Moody’s agreed to pay $15 million to settle charges of internal controls failures involving models it used in rating U.S. residential mortgage-backed securities (RMBS) and will retain an independent consultant to assess and improve its internal controls. Moody’s separately agreed to pay $1.25 million and to review its policies, procedures, and internal controls regarding rating symbols. Moody’s did not admit or deny the SEC’s charges.
According to the SEC’s order in the internal controls proceeding, Moody’s failed to establish and document an effective internal control structure as to models that Moody’s had outsourced from a corporate affiliate and used in rating RMBS from 2010 through 2013. Moreover, Moody’s failed to maintain and enforce existing internal controls that should have been applied to the models. Ultimately, Moody’s corrected more than 650 RMBS ratings with a notional value exceeding $49 billion, due, in part, to errors in the models.
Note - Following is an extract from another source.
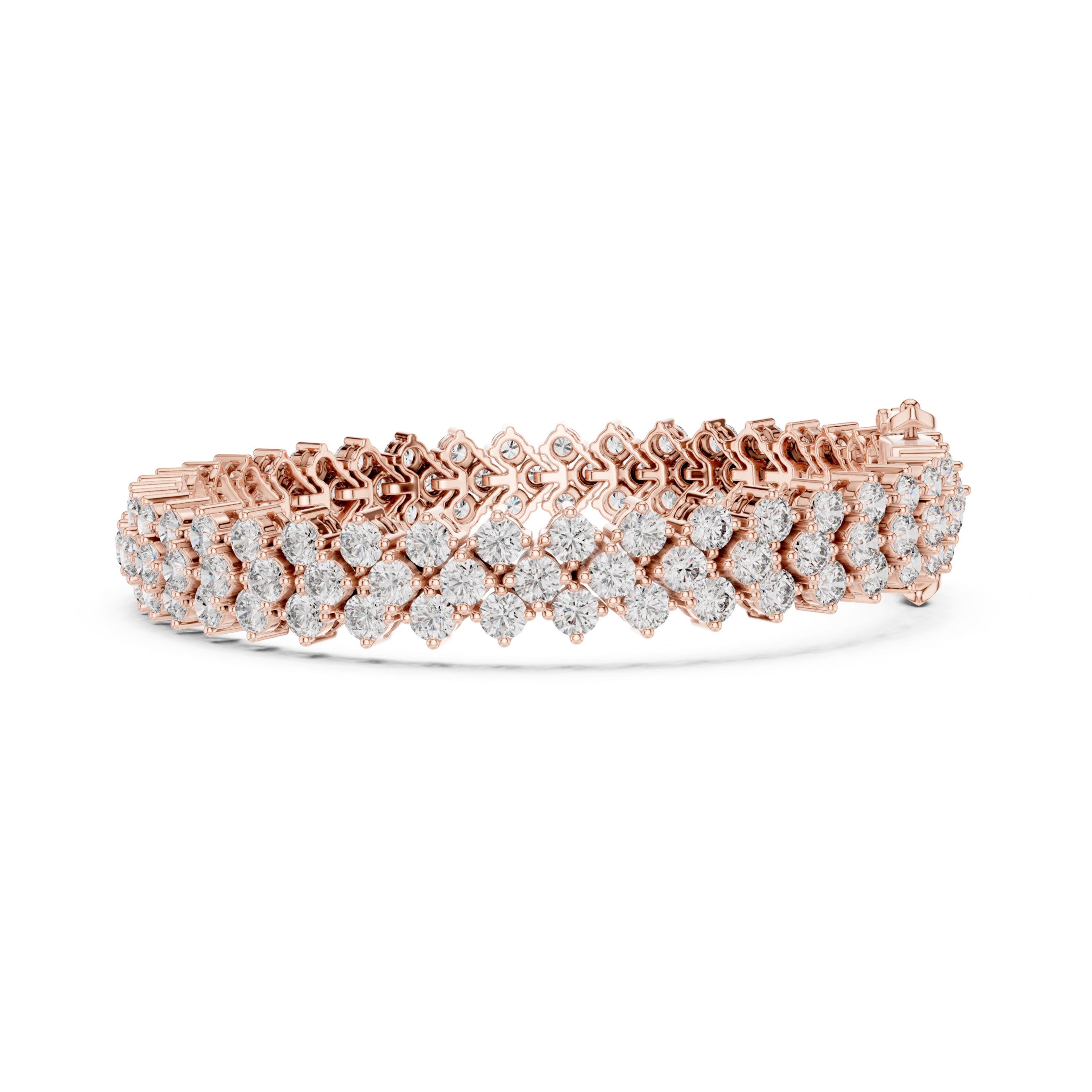 The Hague Bracelet - Wide Honeycomb Diamond Mesh Bracelet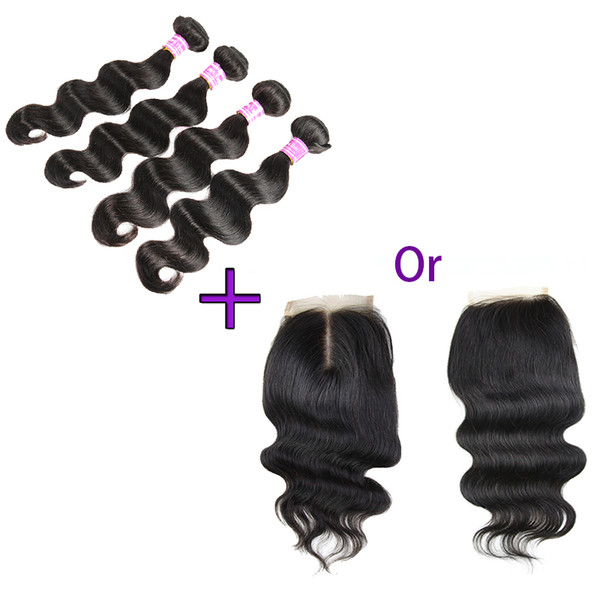 Brazilian Human Hair 4 Bundles with Closure 100% Unprocessed 8A Body Wave Virgin Hair Bundle Deals Wholesale Remy Human Hair Extensions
Also, in 54 instances, Moody’s failed to document its rationale for issuing final RMBS ratings that deviated materially from model-implied ratings.
“Rating agencies play a critical role in our capital markets and need to have effective controls over their rating processes,” said Antonia Chion, Associate Director of the SEC’s Division of Enforcement. “As our order notes, the SEC put Moody’s on notice about its internal controls obligations yet it did not develop an effective process to ensure the accuracy of the models it relied upon when rating residential mortgage-backed securities.”
In the SEC’s order relating to rating symbols, for 26 ratings of securities known as “combo notes” with a total notional value of about $2 billion, Moody’s assigned ratings to combo notes in a manner that was inconsistent with other types of securities that used the same rating symbols.
“Investors expect and the law requires that symbols used by rating agencies be clearly defined and consistently applied,” said Reid Muoio, Deputy Chief of the Enforcement Division’s Complex Financial Instruments Unit. “Today’s proceeding is the SEC’s first enforcing the Universal Ratings Symbol requirement and we will continue to pursue failures that render rating symbols unclear or inconsistent.”